Regarding the collaboration with the world, it went actually quite smooth, as we had someone in our world who liked programming, Daan. He made a master code which made sure all the modules would be connected if the codes of the individual modules were filled in. In the end, a couple of hours before the demo day, we all tested our modules and some groups had some little issues. Since we started testing in time, all the issues could be fixed before the demo day started. This resulted in a smooth and flawless presentation. Sometimes there were a bit of issues, for example when things were not shared on the Drive we made. But after asking it quickly, all the files were shared within short period of time. This way all the groups could work on their part and look at each other's work when stuck. Perhaps it was a bit inconvenient to work together with around twenty people. Sometimes a group did not show up, or only half of the group did. However, since most of the groups hang around on the sixth floor, there was always someone working on their module. Resulting in easy communication and people gave random thoughts on your module to improve it.

This made sure there was a nice atmosphere and everyone could say what they wanted.

Reflection Mathias Verheijden To start, I can say that I am very happy with the results from the second challenge. The module worked perfectly fine and there was good communication with the other groups. As mentioned in my first reflection and personal development plan, the (technical) communication would be my main focus within the second challenge.
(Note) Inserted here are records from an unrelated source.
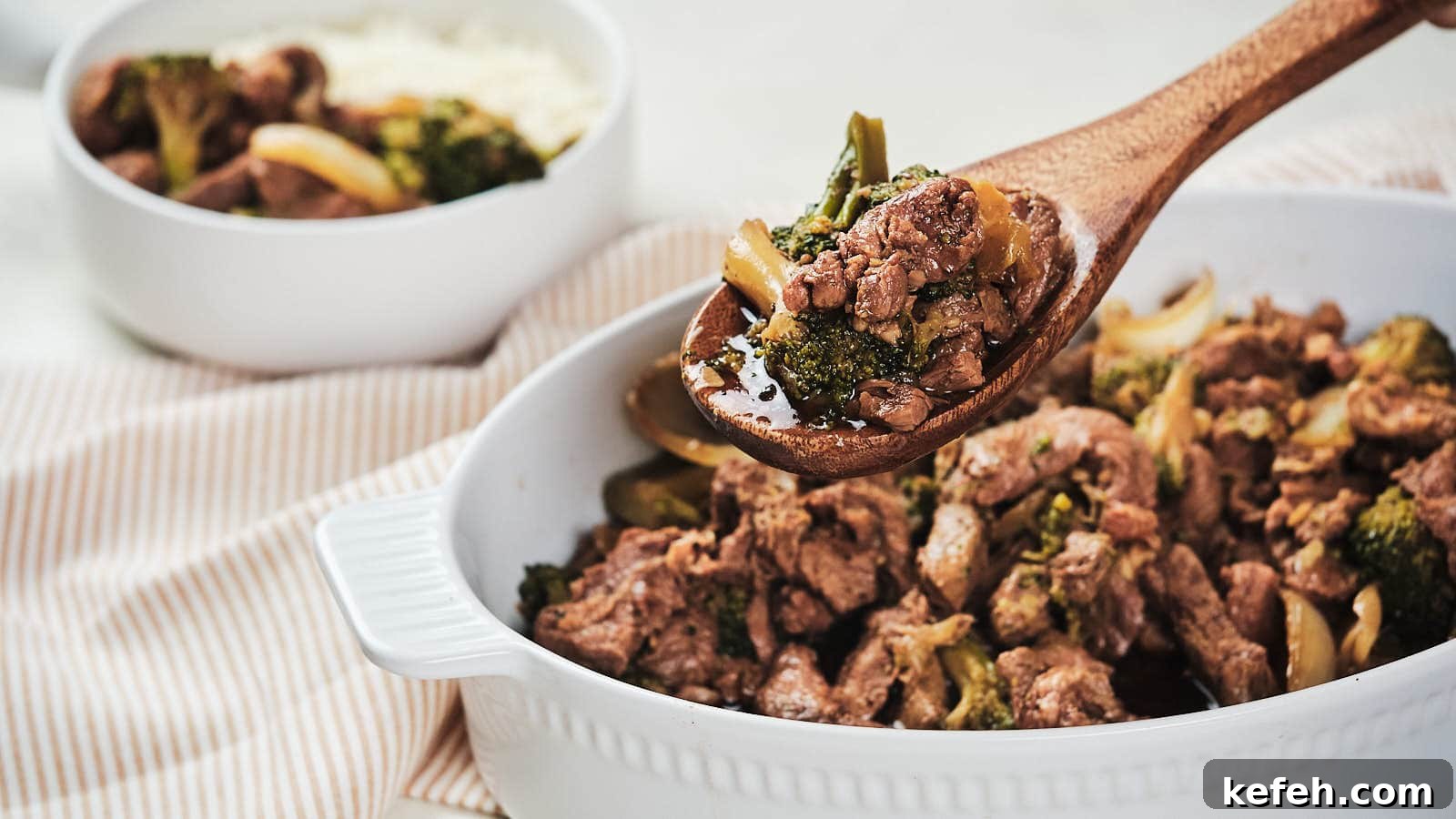 25 Low-Carb Dinners Even Carb Lovers Can't Resist 9 Slow cooker beef and broccoli with onion in brown bowl.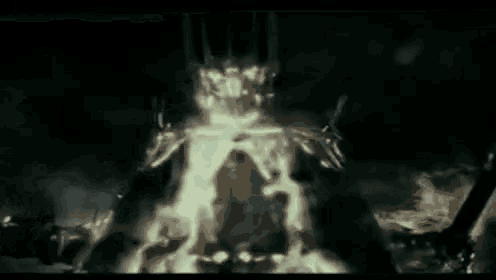 a person with a crown on their head is surrounded by flames in a dark room .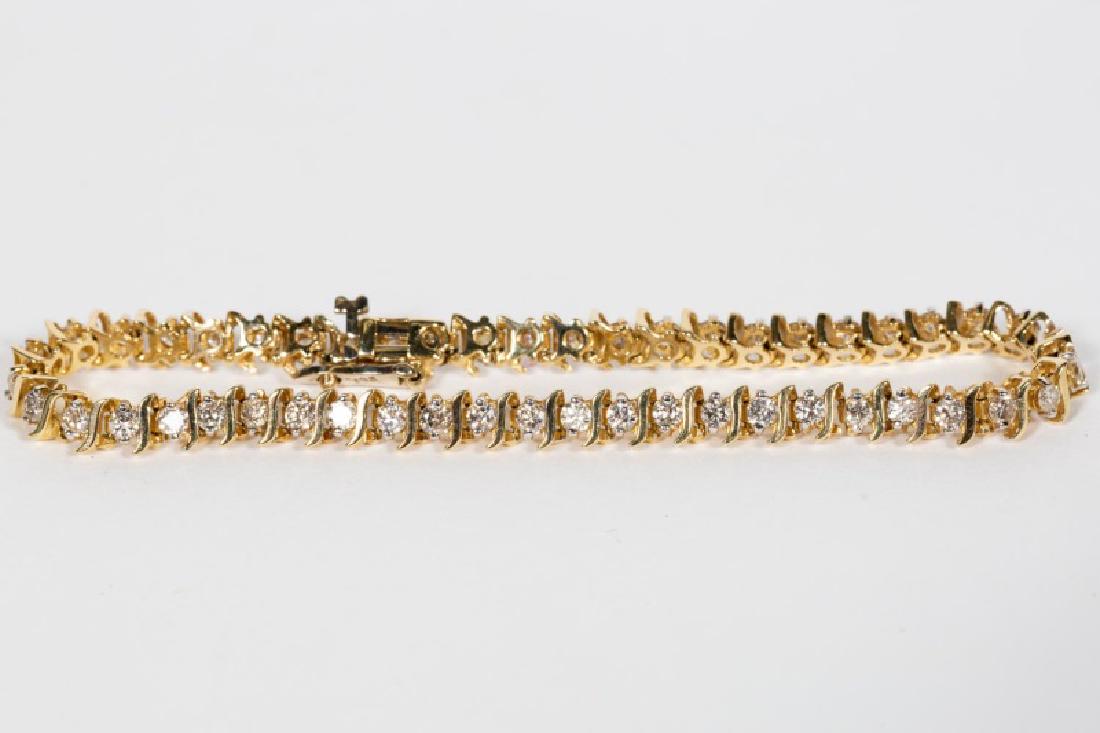14k Yellow Gold & Diamond Tennis Bracelet: A ladies 14k yellow gold tennis bracelet with "S" link style, set with 49 modern round brilliant cut diamonds (approx. 2.50 ctw, I-J color range, Si1-Si2 clarity range). Circa 1980's. Marked for 14k g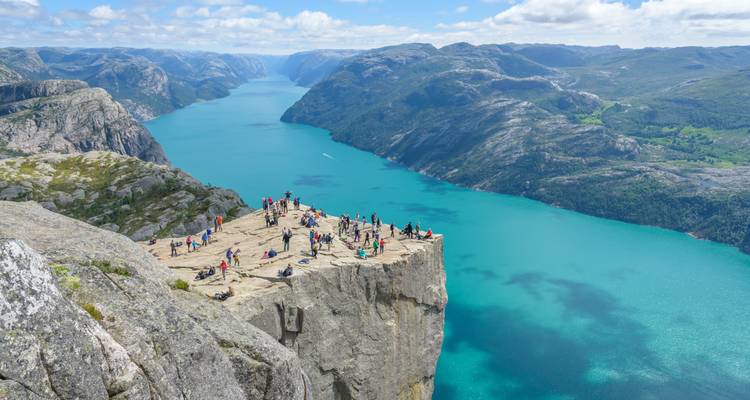 Dutzende von Wanderern stehen auf der Preikestolen-Klippe und blicken auf den türkisfarbenen Lysefjord weit unten.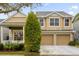 Two-story house with beige siding, three-car garage, and covered porch at 4220 Cleary Way, Orlando, FL 32828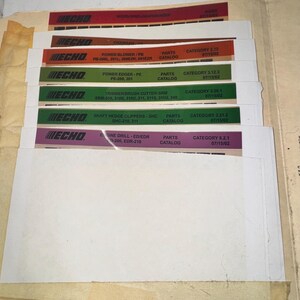 May include: A collection of Echo parts catalogs, featuring various models like chainsaws, power blowers, and trimmers. Each catalog has a colored tab with the Echo logo and model information. The catalogs are organized in a manila folder.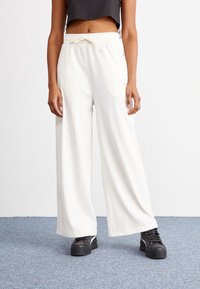 Žena v širokých bílých ribbových kalhotách s páskem na stažení a černých platformových teniskách stojící na koberci.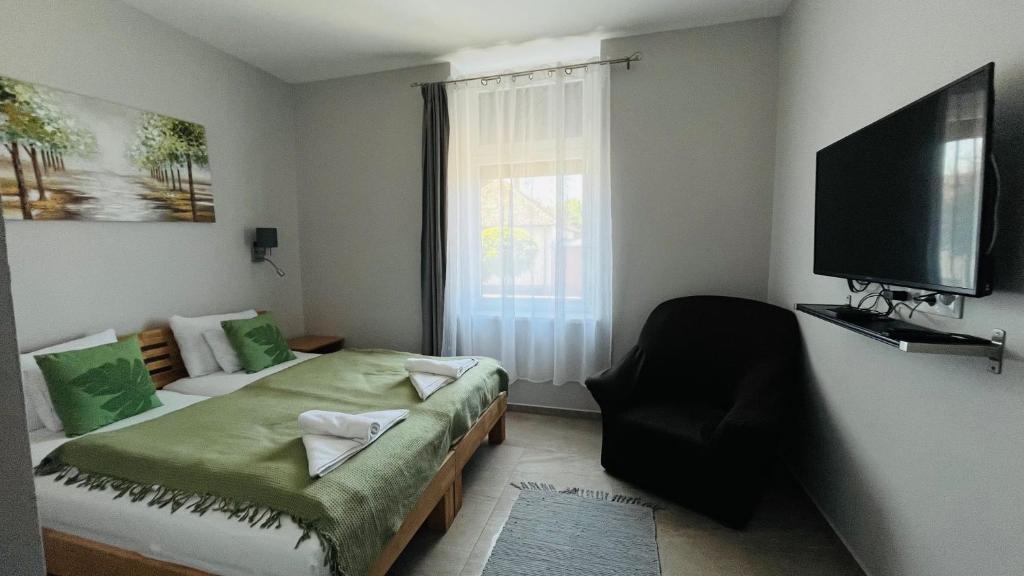 Postel nebo postele na pokoji v ubytování Vitality Apartman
My first contribution to this goal was to setup a “communication team”, existing out of one member from each team in the Erelia world, including myself. This immediately turned out to be a good idea, since the team quickly developed the complete communications concept for the world. Additionally, I proposed to create one template code for this concept that all groups could use. This would reduce the chance of using wrong variables etc. The template was eventually written by Daan from group E01, for which I have to give him a huge compliment. Being involved in the development of the communication system allowed me to integrate the material from the lectures into a real-world scenario, The emergent behavior that our system is based on for example, was explained by Dr. Tanir Ozcelebi during the 4th lecture.
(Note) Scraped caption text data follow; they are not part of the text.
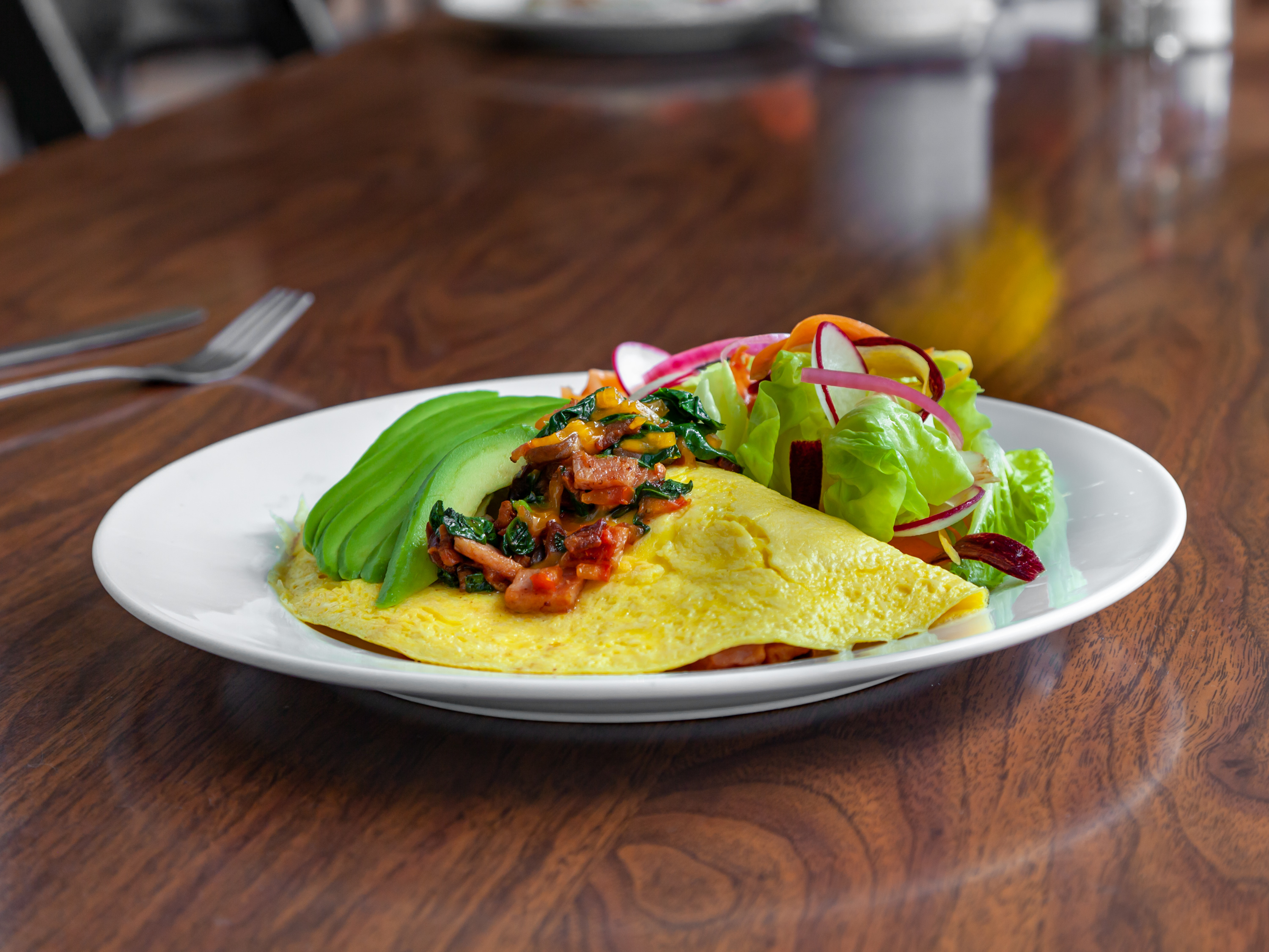 Order California Omelette  Plate food online from Bogy Market Ca Bistro store, South San Francisco on bringmethat.com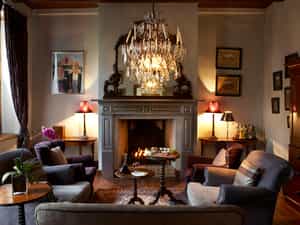 The Lounge offers a fireplace, comfortable couches and an honesty bar with a fine single malt collection. 
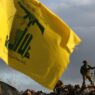 lebanon tense border israeli soldier sets up cameras at their new position in front of a hezbollah flag 768x530 1
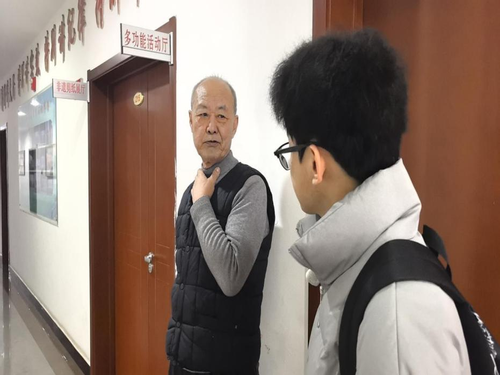 图19 咨询炕围画传承人.png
Next to developing the main concept, I helped Daan finalizing the template and fixing some bugs. Since he has a software science background, understanding and contributing to his work taught me some new knowledge and tricks that will help me create better and more advanced code in future projects. Overall, this challenge helped me improving my technological

skills and I now fully understand the functionality and potential of the OOCSI system. It is knowledge that I am already using in my design research project (P3). It helped me to create a research prototype that otherwise would not have been possible. It is nice to see the immediate impact of the this course.

Apart from the technological developments I went through in the second challenge, I gained quite some experience in working in multidisciplinary teams. Different than the first challenge, this one required us to work with the whole world. The most interesting thing in my opinion, is the different approaches people use for the same problem. These approaches gave me new ideas and techniques to work with, but most importantly showed me that the ‘industrial design approach’ is definitely not always the best one. In short, the second challenge showed me the value of working in multidisciplinary teams.

Finally, in my first reflection I mentioned that I “wanted to work on engaging my group more in the development of the second module”. I’m happy to say that my group had a more pro-active mindset during the second part of the course. Their feedback was valuable and helped me to better reflect on the choices that we made for our module.